Give the data again exactly as it appears, excluding any pictures.

* **Given records**:
Segment Open

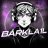 Barkla1l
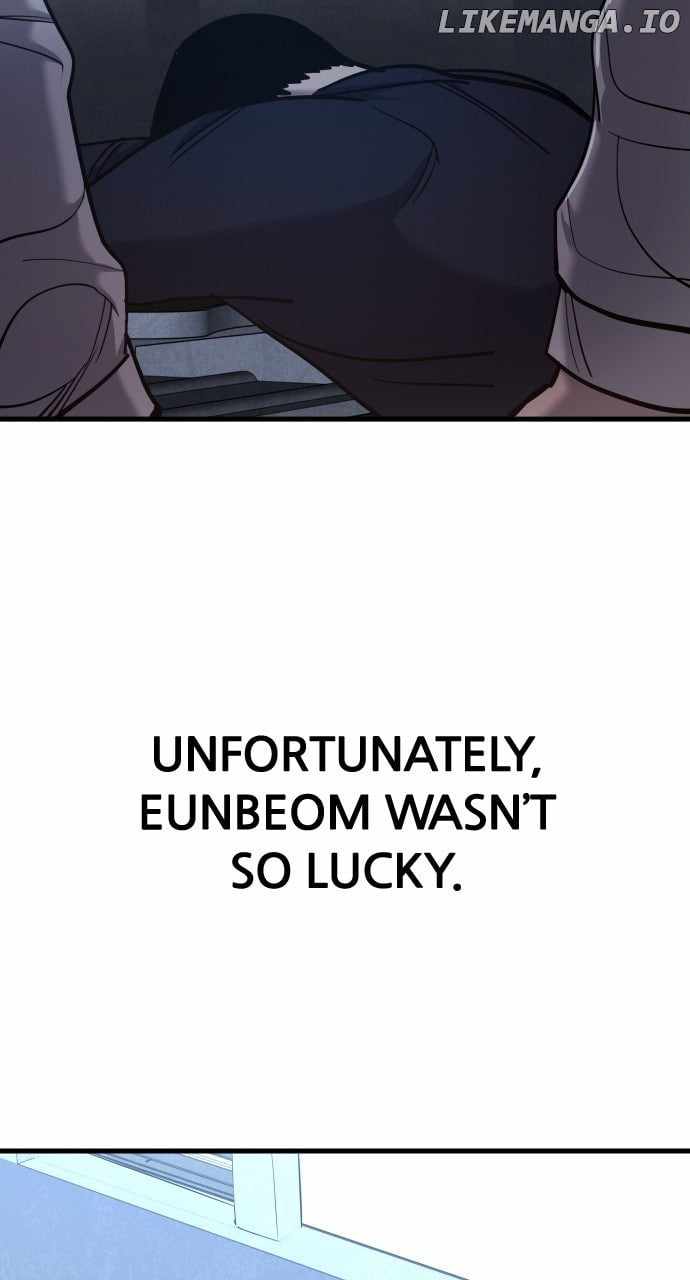 Justice Served Chapter 18 - Page 114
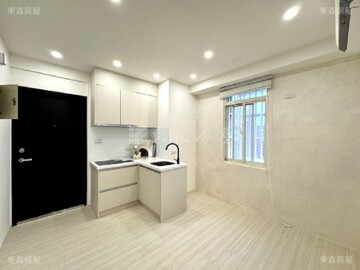 樂屋_國賓大廈待售房屋 國賓大廈待售房屋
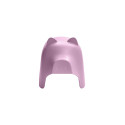 Chaise enfant petit cochon PIGGY - Couleurs au choix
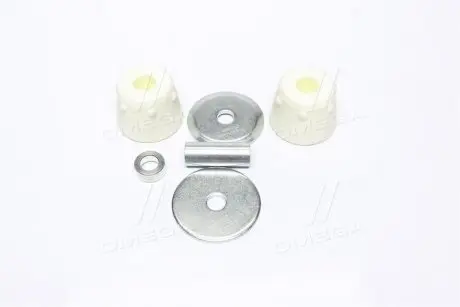 Опора аморт. chrysler, dodge передн./задн. (kayaba) KYB SM5263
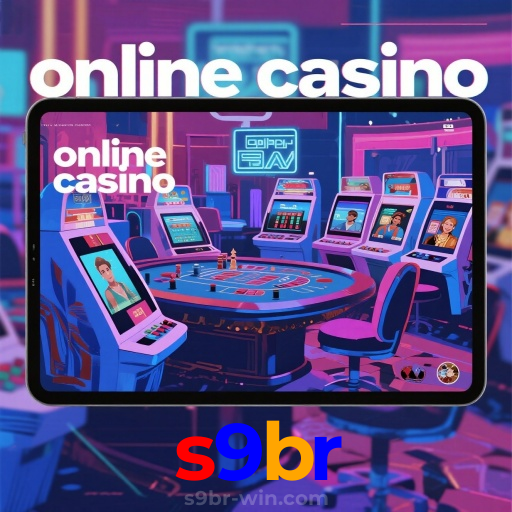 s9br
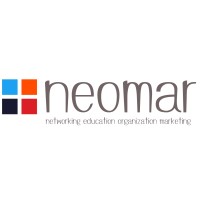 NEOMAR logo - Similar company to Digisteed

Segment Closed

* **Task response**:
 Barkla1l
 Justice Served Chapter 18 - Page 114
 樂屋_國賓大廈待售房屋 國賓大廈待售房屋
 Chaise enfant petit cochon PIGGY - Couleurs au choix
 Опора аморт. chrysler, dodge передн./задн. (kayaba) KYB SM5263
 s9br
 NEOMAR logo - Similar company to Digisteed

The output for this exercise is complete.